Nothing but the lines from the one including "Calibra VD Dog" through the last line of the entries, restated exactly, should appear in the answer; omit the pictures.

Captioned web image data

• • • •

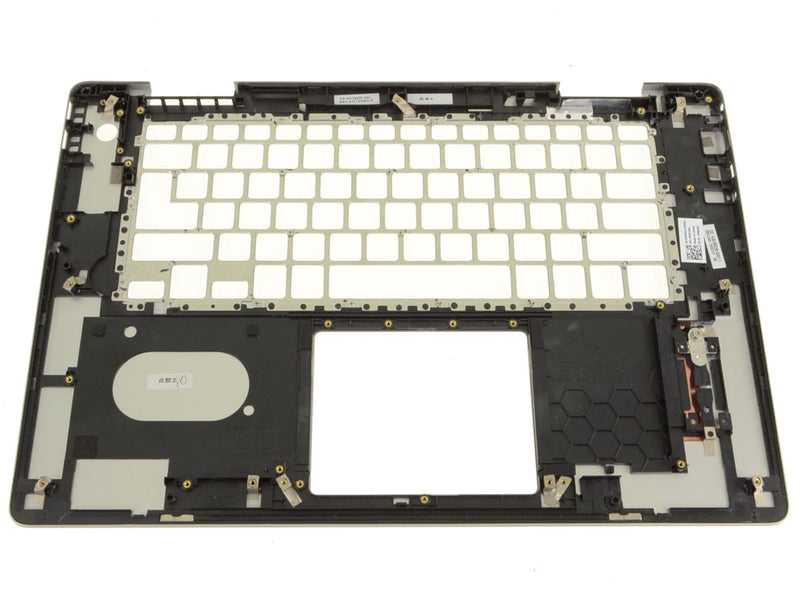 For Dell OEM Inspiron 15 (7586) 2-in-1 Palmrest Assembly - PMGW2-FKA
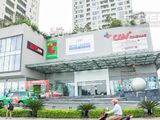 Cho Thuê Chung Cư Thảo Dien Pearl 2Pn 95M2 - 1100$ Bao Phí
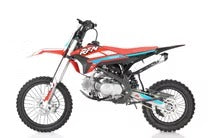 DB-36 250cc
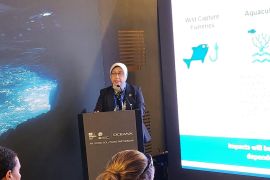 Bappenas sebut perubahan iklim ancam kesejahteraan masyarakat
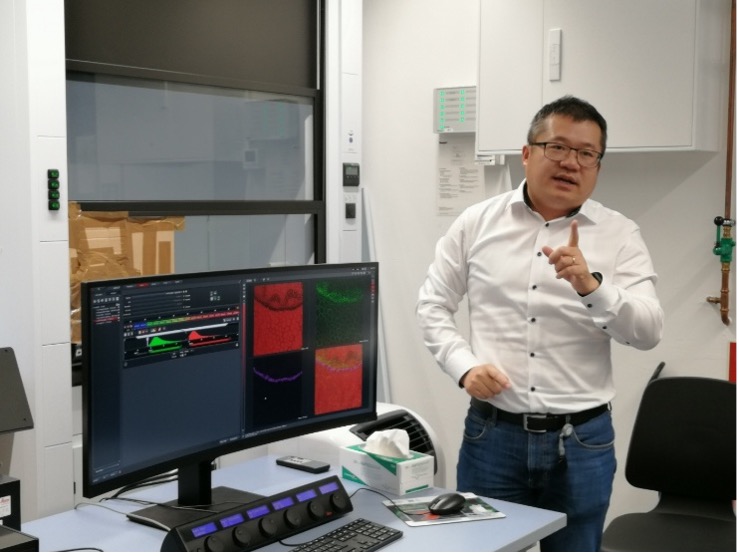 Recherchereise nach Mainz (6)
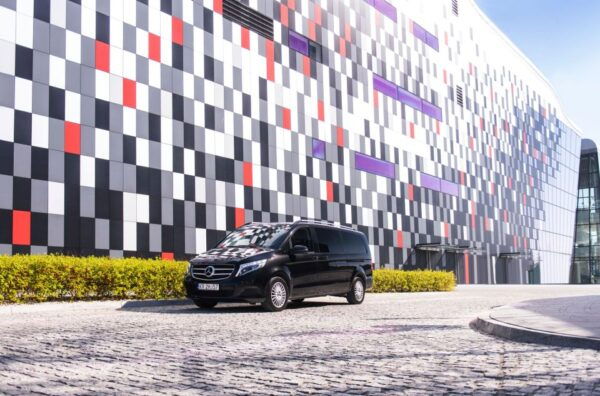 Krakow Airport Private Transfers - Frequently Asked Questions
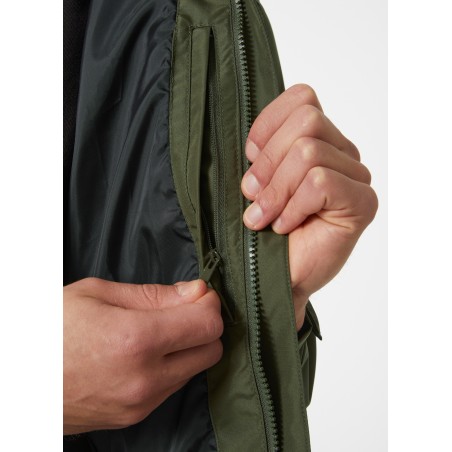 Dubliner-venetakki - Helly Hansen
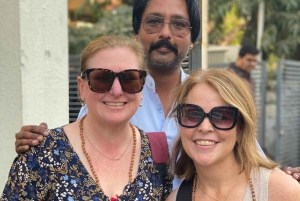 5-dniowa prywatna wycieczka luksusowa po Złotym Trójkącie Agra Jaipur Delhi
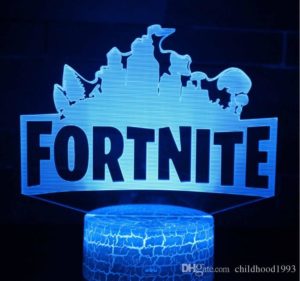 Youtube Fortnite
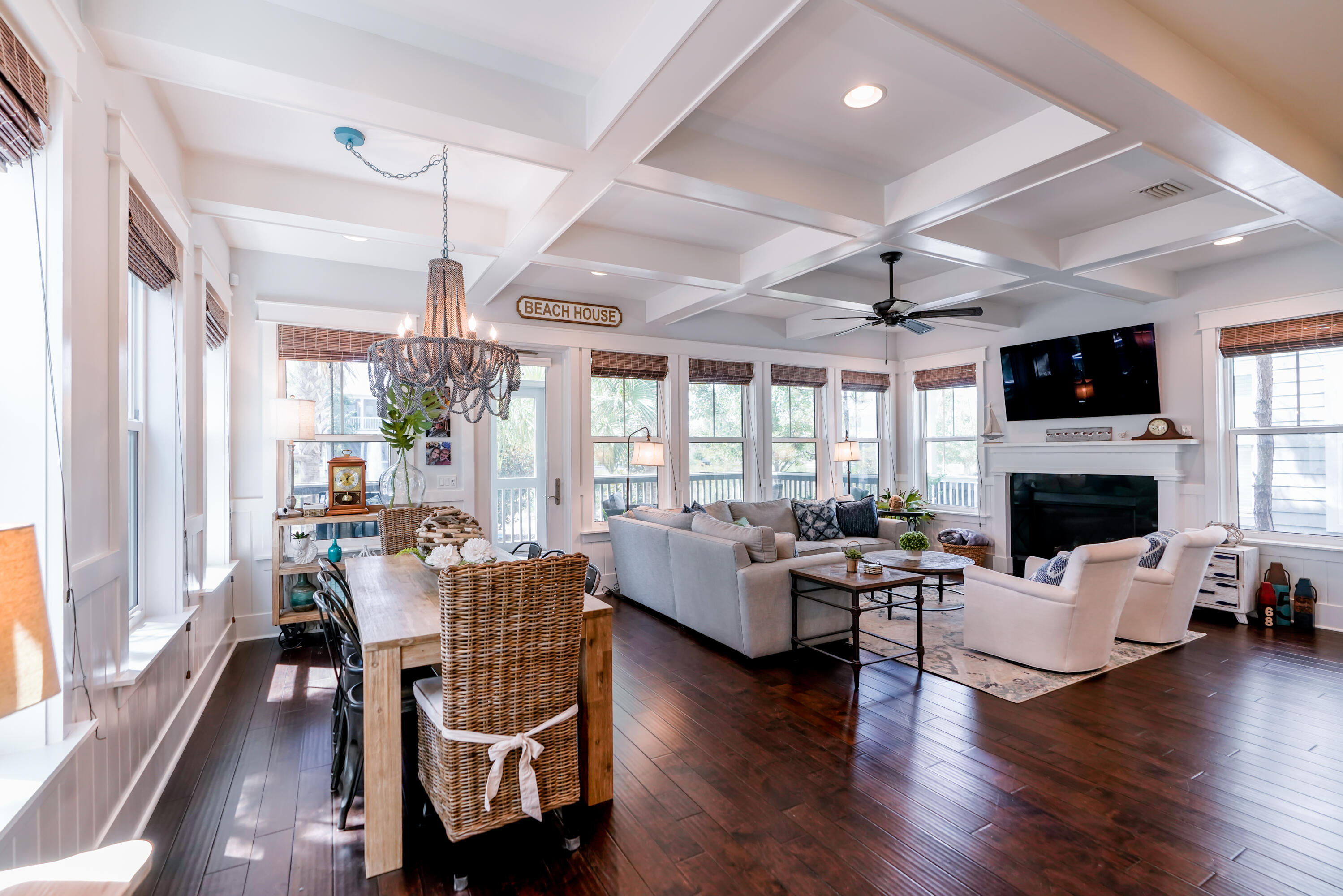 NATUREWALK AT SEAGROVE - Residential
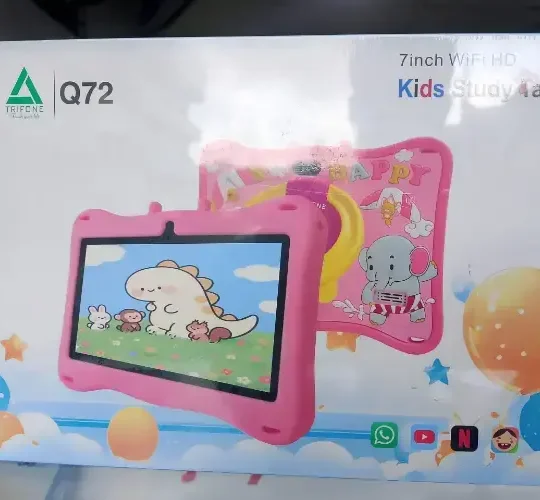 Trifone Q72 kids Edition Tablet in lagos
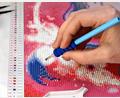 Bild: Diamond Painting
Diamond Painting ist ein entspannender Freizeitausgleich. Jetzt ausprobieren!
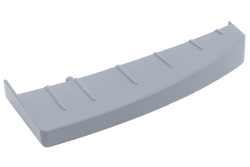 Lampenabdeckung (rechts) für Atera Strada EVO/Vario - 0969922717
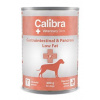 Calibra VD Dog Gastrointestinal Low Fat 400 g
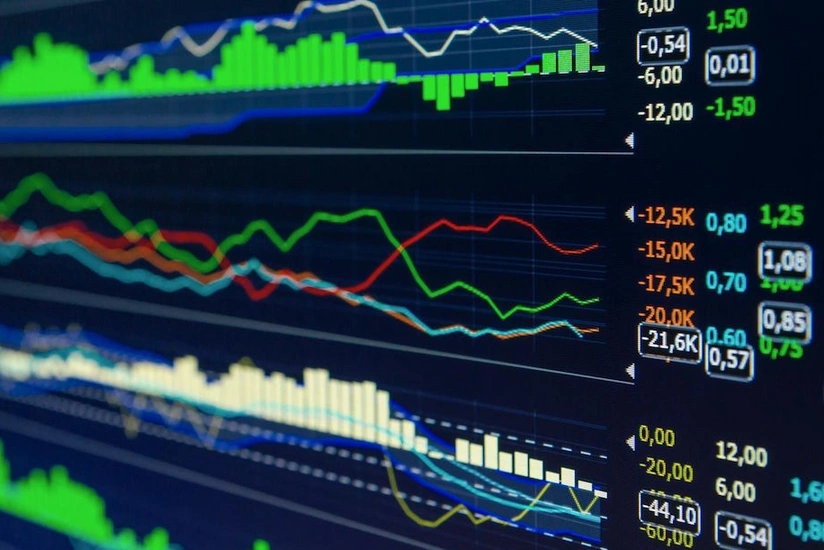 Key indicators of world commodity, stock and currency markets (10.01.2019)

• • • •

_RESPONSE TO THE EXERCISE_
 Calibra VD Dog Gastrointestinal Low Fat 400 g
 Key indicators of world commodity, stock and currency markets (10.01.2019)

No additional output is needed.